Kontynuując tę myśl Franciszek stwierdził, że ewangeliczne Błogosławieństwa są w pewnym sensie dowodem osobistym chrześcijanina, bo każdy z nas jest powołany do świętości.
„W tym sensie moglibyśmy wskazać nowe sytuacje, aby je przeżywać w odnowionym i zawsze aktualnym duchu: błogosławieni, którzy z wiarą znoszą cierpienia, jakie zadają im inni, i z serca przebaczają; błogosławieni, którzy patrzą w oczy odrzuconym i zepchniętym na margines, okazując im bliskość; błogosławieni, którzy rozpoznają Boga w każdym człowieku i walczą o to, aby i inni to odkryli; błogosławieni, którzy chronią wspólny dom i dbają o niego; błogosławieni, którzy rezygnują z własnego dobrobytu dla dobra innych; błogosławieni, którzy modlą się i działają na rzecz pełnej jedności chrześcijan... Wszyscy oni są nosicielami miłosierdzia i czułości Boga, i na pewno otrzymają od Niego zasłużoną nagrodę” – mówił Franciszek podczas homilii w Malmö.
Mszę na stadionie Swedbank w Malmö Papież zakończył odmówieniem modlitwy „Anioł Pański”. Poprzedził ją krótkim rozważaniem, w którym najpierw podziękował ordynariuszowi Sztokholmu Andersowi Arboreliusowi i władzom za przygotowanie tej pielgrzymki.

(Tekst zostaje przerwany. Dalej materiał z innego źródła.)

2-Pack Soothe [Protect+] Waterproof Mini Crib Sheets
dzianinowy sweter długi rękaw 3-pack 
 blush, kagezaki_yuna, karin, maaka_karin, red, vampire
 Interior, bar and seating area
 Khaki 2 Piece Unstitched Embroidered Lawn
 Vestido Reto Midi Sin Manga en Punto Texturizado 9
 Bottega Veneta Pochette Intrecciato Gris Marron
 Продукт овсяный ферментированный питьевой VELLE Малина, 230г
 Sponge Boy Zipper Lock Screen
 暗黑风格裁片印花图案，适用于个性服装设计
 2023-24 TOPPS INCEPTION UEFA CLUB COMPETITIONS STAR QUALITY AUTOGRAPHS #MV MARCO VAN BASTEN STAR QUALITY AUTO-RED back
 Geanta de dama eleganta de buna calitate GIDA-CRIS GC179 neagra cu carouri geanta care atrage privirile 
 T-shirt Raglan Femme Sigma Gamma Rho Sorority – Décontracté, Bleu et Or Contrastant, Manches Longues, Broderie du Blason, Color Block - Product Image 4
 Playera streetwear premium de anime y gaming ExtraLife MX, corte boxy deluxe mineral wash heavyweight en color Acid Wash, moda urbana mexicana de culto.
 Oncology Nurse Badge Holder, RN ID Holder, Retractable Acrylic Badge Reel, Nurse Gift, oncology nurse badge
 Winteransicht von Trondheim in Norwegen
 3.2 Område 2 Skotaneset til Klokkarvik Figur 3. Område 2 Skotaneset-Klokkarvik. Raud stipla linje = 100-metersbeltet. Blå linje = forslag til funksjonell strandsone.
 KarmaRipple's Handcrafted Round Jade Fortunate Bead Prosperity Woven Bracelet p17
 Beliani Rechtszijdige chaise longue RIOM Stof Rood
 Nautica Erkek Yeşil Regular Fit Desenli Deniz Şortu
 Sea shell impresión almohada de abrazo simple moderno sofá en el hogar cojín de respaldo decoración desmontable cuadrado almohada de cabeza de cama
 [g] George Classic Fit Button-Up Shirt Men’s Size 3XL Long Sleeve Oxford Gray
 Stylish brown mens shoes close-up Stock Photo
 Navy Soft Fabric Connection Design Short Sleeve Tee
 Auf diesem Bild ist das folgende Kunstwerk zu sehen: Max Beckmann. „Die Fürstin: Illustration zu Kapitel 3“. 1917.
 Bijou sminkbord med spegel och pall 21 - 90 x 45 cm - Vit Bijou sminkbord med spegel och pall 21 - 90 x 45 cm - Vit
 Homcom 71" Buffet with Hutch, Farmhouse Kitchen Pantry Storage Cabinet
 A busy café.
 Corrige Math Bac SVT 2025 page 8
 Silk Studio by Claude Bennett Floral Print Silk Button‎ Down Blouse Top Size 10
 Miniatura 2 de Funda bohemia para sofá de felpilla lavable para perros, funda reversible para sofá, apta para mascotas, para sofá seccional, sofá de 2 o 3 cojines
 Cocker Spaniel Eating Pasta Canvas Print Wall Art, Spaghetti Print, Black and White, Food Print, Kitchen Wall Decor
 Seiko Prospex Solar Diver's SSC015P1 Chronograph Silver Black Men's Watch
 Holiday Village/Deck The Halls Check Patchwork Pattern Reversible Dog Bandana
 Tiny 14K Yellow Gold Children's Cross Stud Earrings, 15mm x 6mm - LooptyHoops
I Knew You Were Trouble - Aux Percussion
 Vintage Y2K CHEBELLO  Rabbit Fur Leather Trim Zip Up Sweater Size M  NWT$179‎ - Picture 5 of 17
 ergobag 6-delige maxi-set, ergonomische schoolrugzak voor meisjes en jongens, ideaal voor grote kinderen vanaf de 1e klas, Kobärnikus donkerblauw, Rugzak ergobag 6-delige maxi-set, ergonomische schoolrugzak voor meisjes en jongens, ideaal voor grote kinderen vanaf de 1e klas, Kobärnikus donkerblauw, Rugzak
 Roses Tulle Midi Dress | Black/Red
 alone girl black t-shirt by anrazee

Pozdrowił obecnych tam przedstawicieli Światowej Federacji Luterańskiej oraz korpusu dyplomatycznego.
Dziękując Panu Bogu za dar tej wizyty Franciszek wezwał katolików do przeżywania wiary w modlitwie, życiu sakramentalnym oraz ofiarnej służbie ludziom potrzebującym i cierpiącym.
„Zachęcam was – kontynuował Ojciec Święty – byście byli solą i światłem w okolicznościach, w jakich przypadło wam żyć, poprzez wasz sposób bycia i działania zgodny ze stylem Jezusa, a także z wielkim szacunkiem i solidarnością wobec braci i sióstr z innych Kościołów i wspólnot chrześcijańskich oraz wszystkich ludzi dobrej woli”.
Swe rozważanie Franciszek zakończył wezwaniem Maryi, powierzając Jej wszystkie troski i radości, lęki i pragnienia.